* WHAT YOU WILL DO: Repeat all of the data below word for word, keeping no images.

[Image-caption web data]
- - - -
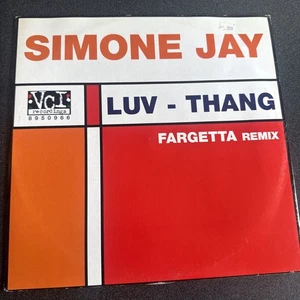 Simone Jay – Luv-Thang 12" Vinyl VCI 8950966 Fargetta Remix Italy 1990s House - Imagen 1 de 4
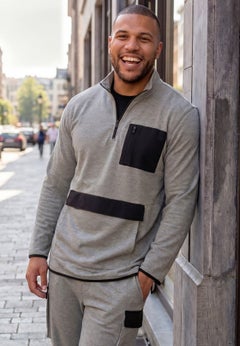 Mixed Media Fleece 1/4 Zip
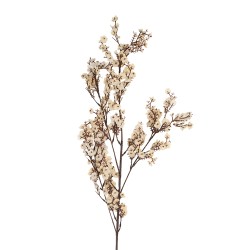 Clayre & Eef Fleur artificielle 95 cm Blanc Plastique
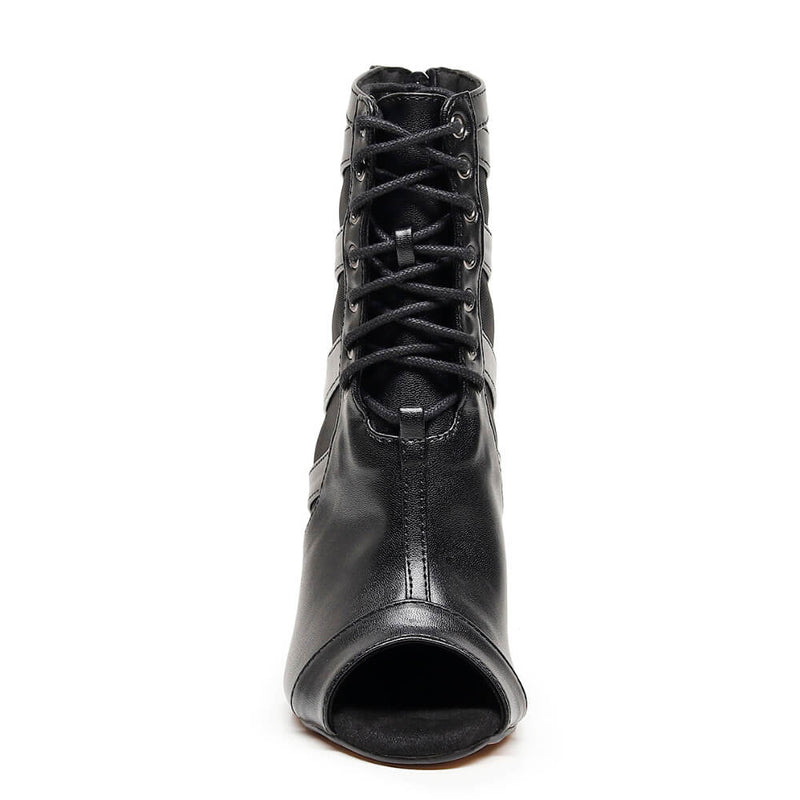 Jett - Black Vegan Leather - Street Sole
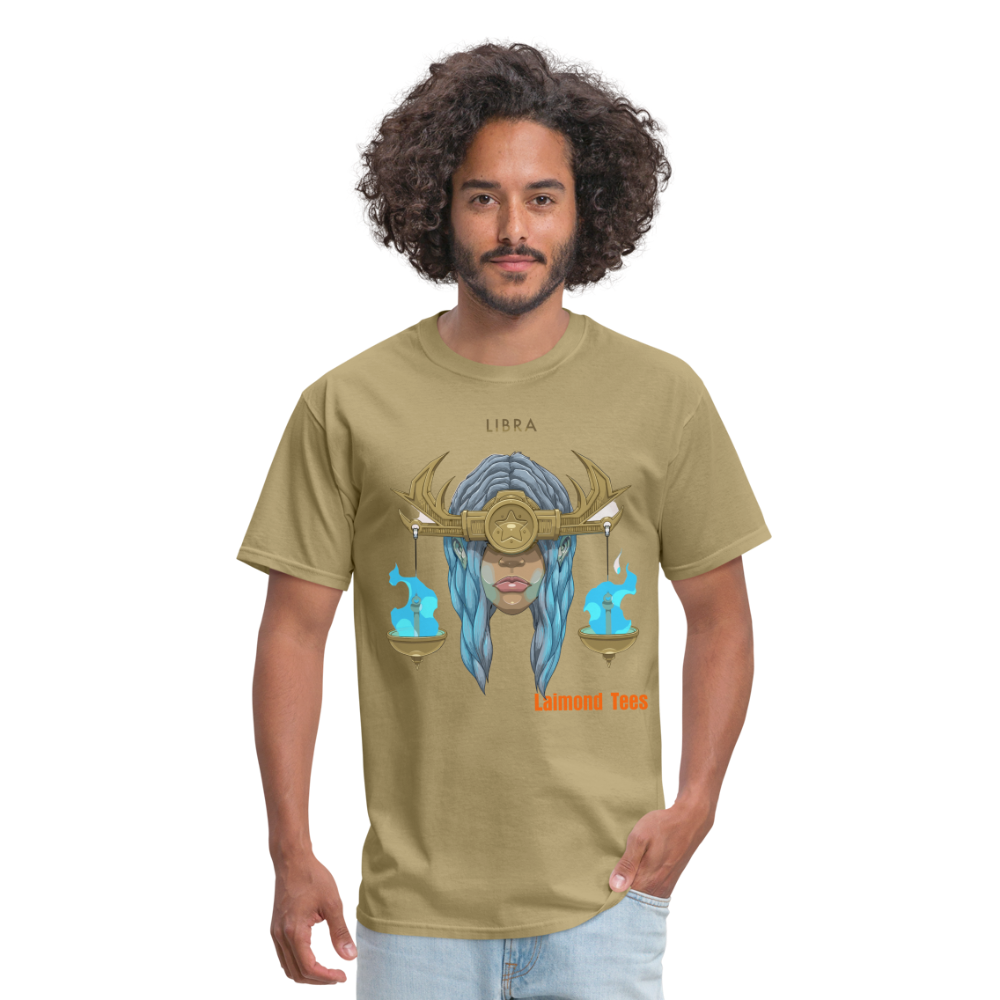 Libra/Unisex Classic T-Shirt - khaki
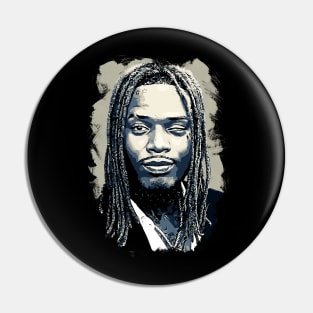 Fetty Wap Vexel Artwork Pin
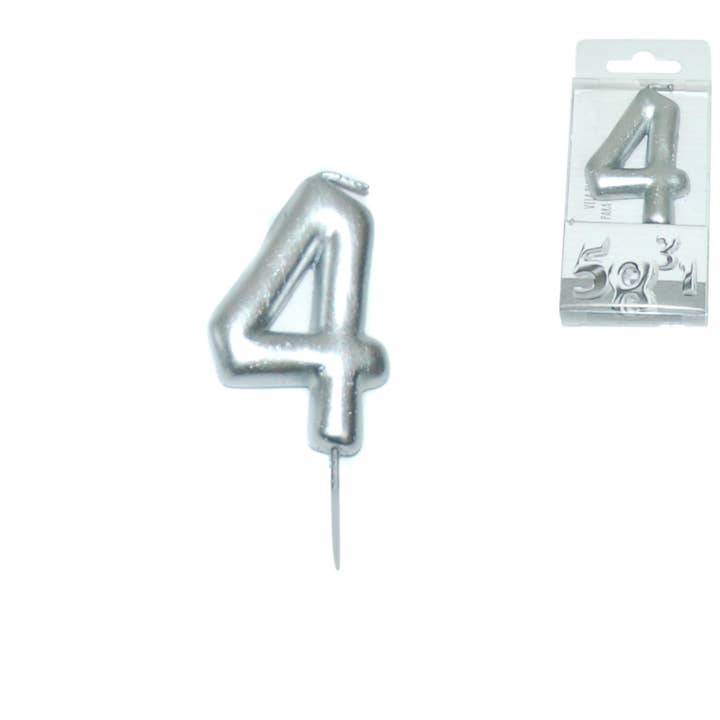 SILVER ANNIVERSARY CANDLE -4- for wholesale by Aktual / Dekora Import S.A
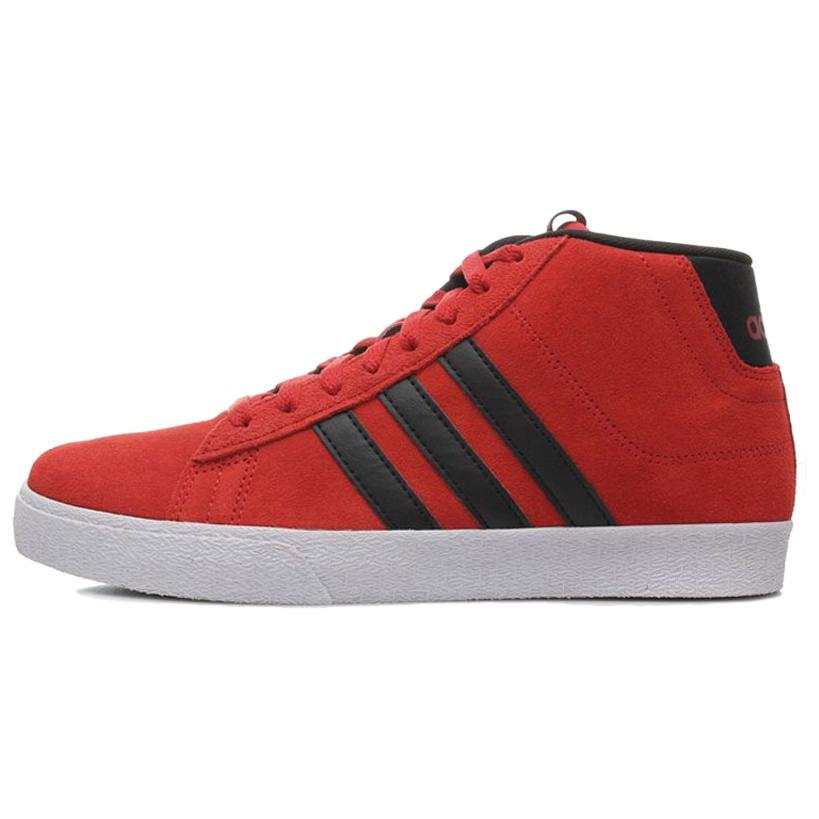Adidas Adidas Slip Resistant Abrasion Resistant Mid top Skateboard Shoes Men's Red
- - - -
* RESPONSE TO THIS EXERCISE:
 Simone Jay – Luv-Thang 12" Vinyl VCI 8950966 Fargetta Remix Italy 1990s House - Imagen 1 de 4
 Mixed Media Fleece 1/4 Zip
 Clayre & Eef Fleur artificielle 95 cm Blanc Plastique
 Jett - Black Vegan Leather - Street Sole
 Libra/Unisex Classic T-Shirt - khaki
 Fetty Wap Vexel Artwork Pin
 SILVER ANNIVERSARY CANDLE -4- for wholesale by Aktual / Dekora Import S.A
Adidas Adidas Slip Resistant Abrasion Resistant Mid top Skateboard Shoes Men's Red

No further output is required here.